This is so true. That is why I keep my shares in and trying to capture swings borrowing on margin close to the support level and then selling enough shares to return margin+interest when near the resistance level. The gains stay in stock, this way I am exposed to further gain if and when stock breaks through the resistance level.

The proceeds from this will go toward purchasing Tesla Model S. Since I plan to stay in long term, plan to get a car loan, and then pay it off selling the gained shares as needed every month. Will kill two birds with one stone: cost averaging selling + capture potential for future gain.

I started to implement this strategy relatively recently, current cycle is on, ready to sell tomorrow, hopefully into the bump caused by Shemp the market maker buying spree (see The Rolling Naked Tesla Short thread, theory by luvb2b)
 
Not necessarily and/or not entirely. But you already knew that. I've seen many cases where investors would have been better off owning a stock with large gains outside of their retirement plan. Your IRA will always ultimately be taxed as ordinary income while long-term gains outside of it will be taxed at 1/3 the rate. And s-t losses can't be realized for many years inside your IRA. Obviously there are many factors to consider... Often you are better off when you can take advantage of different tax rates - harder to do inside an IRA. Don't take this as saying IRAs are a bad idea...

Agree with that. Another example is if you have losses to balance, those have to be outside the IRA. If it's a Roth IRA though any taxes are already paid, so his no tax on gain scenario would be accurate
 
It may seem clever to time swings in a volatile stock.
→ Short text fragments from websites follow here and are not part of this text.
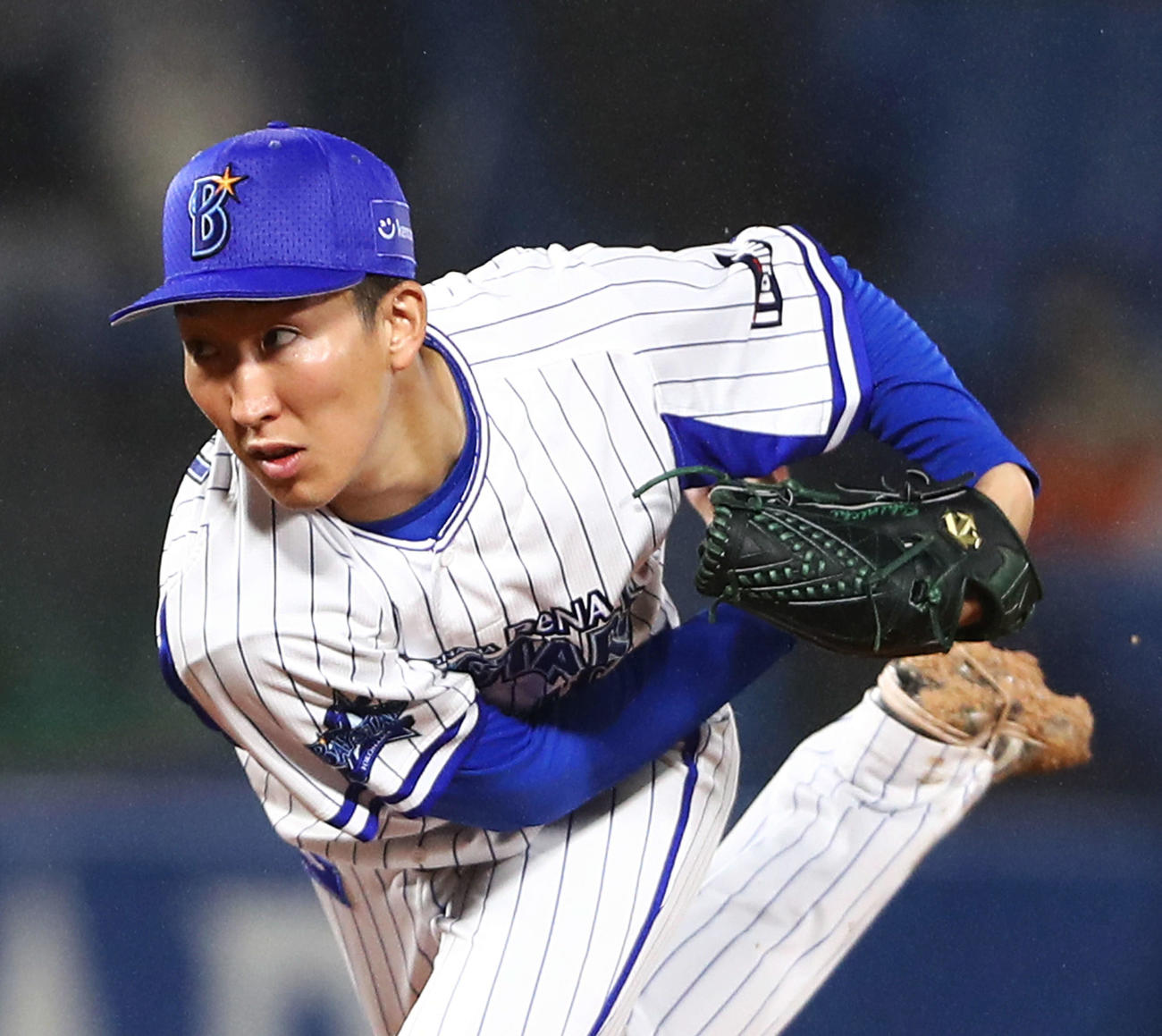 DeNA対巨人　5回表、力投するDeNA大貫（撮影・河田真司）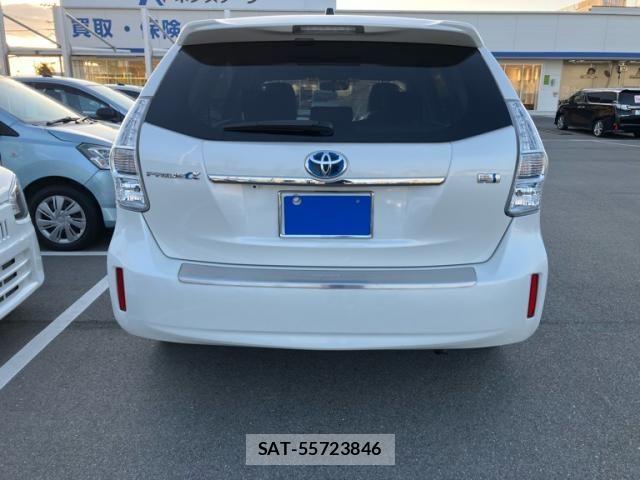 Toyota PRIUS ALPHA 2013-03 8075217-1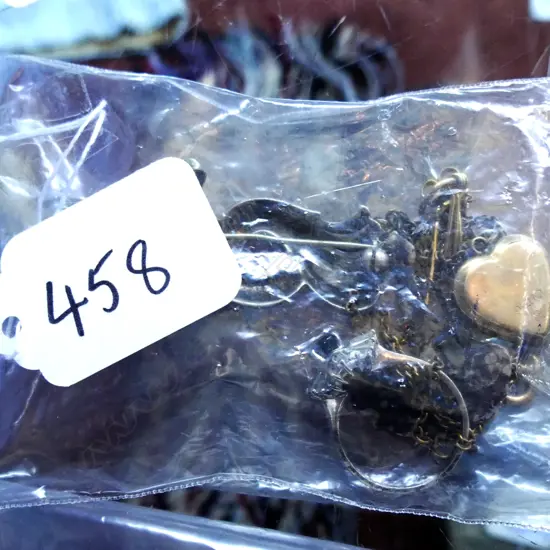 6 VINTAGE JEWELLERY ITEMS; SILVER, MARCASITE..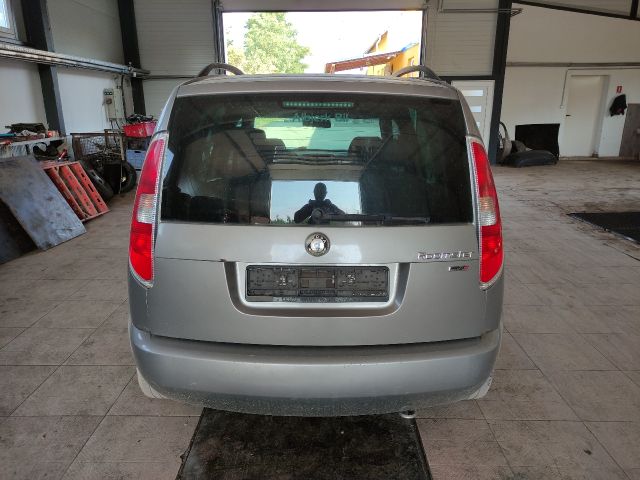 bontott SKODA ROOMSTER Jobb hátsó Rugó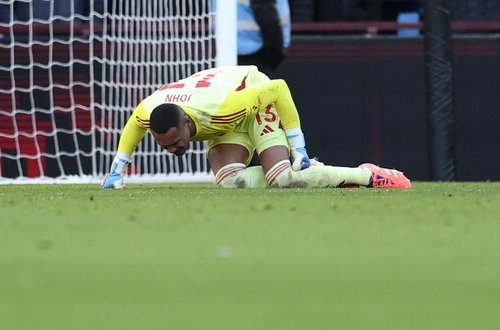 Soccer Football - Premier League - Aston Villa v Nottingham Forest - Villa Park, Birmingham, Britain - January 3, 2026 Nottingham Forest's John Victor reacts after sustaining an injury Action Images via Reuters/Andrew Boyers EDITORIAL USE ONLY. NO USE WIT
A very few lucky players will be successful. I suspect that most will be forced to chase the stock after it moves to significantly higher prices.

This is the problem with buying and holding a stock like TSLA: Those great fortunes that were built by buying and holding long term? Most of those were built through reinvesting dividends, not pure growth. See, when you bring dividends into the equation, you've now got a compounding effect. That is where the real power of investing comes from, that compounding effect---that's how fortunes are made.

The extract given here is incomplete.